The NCAA is built on making sure its athletes are really student athletes, and the word "student" always comes first. If you're a student-athlete at a school in the NCAA, you're forbidden from using your image and/or likeness to promote anything that might involve the exchange of money. And if you're Clemson University, seeing your star quarterback Trevor Lawrence promoting a GoFundMe that he and his girlfriend started for COVID-19 relief set off every red alert in the book.

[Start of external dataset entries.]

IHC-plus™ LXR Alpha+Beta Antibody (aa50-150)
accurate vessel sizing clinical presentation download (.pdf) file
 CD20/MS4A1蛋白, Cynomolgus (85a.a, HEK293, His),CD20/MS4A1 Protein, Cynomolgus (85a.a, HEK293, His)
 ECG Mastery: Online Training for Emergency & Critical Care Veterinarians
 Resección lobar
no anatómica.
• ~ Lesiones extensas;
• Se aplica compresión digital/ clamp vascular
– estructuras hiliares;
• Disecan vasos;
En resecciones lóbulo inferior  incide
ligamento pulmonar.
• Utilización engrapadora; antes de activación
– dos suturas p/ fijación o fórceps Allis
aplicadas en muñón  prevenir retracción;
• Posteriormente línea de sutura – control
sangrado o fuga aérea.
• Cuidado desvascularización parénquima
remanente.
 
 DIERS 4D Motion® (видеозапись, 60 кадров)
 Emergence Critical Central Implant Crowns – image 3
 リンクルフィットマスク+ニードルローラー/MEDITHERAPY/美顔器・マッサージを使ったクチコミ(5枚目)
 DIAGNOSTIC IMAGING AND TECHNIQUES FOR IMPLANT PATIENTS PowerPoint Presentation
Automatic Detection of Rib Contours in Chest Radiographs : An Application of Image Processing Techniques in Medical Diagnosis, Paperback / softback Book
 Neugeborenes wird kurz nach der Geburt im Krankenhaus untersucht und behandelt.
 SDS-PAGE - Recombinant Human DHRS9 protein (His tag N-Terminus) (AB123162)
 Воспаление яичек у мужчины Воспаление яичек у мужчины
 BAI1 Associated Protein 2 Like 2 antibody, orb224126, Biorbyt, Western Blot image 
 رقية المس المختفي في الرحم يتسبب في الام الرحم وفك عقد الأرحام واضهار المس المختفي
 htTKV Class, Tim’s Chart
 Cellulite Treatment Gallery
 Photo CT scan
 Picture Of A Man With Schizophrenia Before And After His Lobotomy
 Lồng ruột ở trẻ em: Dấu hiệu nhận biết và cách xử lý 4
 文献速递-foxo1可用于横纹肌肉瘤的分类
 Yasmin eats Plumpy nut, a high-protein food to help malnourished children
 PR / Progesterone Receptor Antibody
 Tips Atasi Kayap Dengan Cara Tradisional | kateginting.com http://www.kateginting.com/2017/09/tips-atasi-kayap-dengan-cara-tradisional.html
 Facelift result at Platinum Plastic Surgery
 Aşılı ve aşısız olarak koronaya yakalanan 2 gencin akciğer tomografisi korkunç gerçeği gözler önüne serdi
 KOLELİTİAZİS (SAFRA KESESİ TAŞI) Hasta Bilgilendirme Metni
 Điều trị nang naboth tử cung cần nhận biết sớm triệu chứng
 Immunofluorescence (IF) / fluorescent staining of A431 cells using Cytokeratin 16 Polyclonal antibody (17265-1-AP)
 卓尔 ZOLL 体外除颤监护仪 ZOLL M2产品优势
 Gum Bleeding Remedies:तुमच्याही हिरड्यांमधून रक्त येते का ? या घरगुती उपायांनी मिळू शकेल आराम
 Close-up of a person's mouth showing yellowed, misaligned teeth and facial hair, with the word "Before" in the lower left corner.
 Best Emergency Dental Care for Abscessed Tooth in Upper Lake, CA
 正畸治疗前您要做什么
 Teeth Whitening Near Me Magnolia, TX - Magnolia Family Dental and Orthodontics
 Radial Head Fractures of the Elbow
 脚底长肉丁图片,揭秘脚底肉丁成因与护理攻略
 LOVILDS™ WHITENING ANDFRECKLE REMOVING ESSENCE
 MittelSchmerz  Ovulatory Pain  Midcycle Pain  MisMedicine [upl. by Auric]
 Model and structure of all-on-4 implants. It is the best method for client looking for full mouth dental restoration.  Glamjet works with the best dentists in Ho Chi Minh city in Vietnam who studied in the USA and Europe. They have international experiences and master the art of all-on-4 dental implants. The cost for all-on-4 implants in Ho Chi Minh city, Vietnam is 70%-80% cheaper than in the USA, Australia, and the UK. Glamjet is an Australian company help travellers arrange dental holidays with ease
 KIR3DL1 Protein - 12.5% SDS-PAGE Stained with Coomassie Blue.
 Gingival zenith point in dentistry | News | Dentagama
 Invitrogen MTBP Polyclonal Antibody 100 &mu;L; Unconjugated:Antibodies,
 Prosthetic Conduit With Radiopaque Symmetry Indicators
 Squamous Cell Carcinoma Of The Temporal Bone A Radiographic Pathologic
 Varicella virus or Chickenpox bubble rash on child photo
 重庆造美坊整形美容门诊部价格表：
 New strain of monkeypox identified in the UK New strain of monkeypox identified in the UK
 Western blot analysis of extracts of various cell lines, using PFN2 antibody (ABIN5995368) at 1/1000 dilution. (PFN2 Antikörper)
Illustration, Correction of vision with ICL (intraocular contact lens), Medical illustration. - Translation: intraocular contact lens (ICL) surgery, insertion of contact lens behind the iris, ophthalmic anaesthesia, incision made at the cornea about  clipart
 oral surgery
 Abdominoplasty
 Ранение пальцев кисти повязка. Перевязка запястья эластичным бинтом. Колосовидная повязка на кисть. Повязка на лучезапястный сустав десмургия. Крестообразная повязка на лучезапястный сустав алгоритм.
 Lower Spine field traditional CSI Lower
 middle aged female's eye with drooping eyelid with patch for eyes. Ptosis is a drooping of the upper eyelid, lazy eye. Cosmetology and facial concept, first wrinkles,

Lawrence, a long-haired QB who looks a whole lot like Sunshine from Remember the Titans, was told by the compliance department at Clemson to take down the GoFundMe, and he, well, complied. And while this might have been a non-story 10+ years ago, we currently live in a time where social media goes off like wildfire and everyone is currently stuck at home with nothing to do but stare at Twitter. Lawrence started the GoFundMe on a Monday, and by Wednesday things had gotten back to the NCAA, which realized that this current time of crisis was not the time to look like Ebeneezer Scrooge. The NCAA issued a statement saying hey, no, we didn't tell Trevor to take it down, Clemson did. But the reality is that Clemson did so fearing the NCAA's wrath. Fortunately, the NCAA saw the light and created a waiver for college athletes to raise funds during this pandemic for relief.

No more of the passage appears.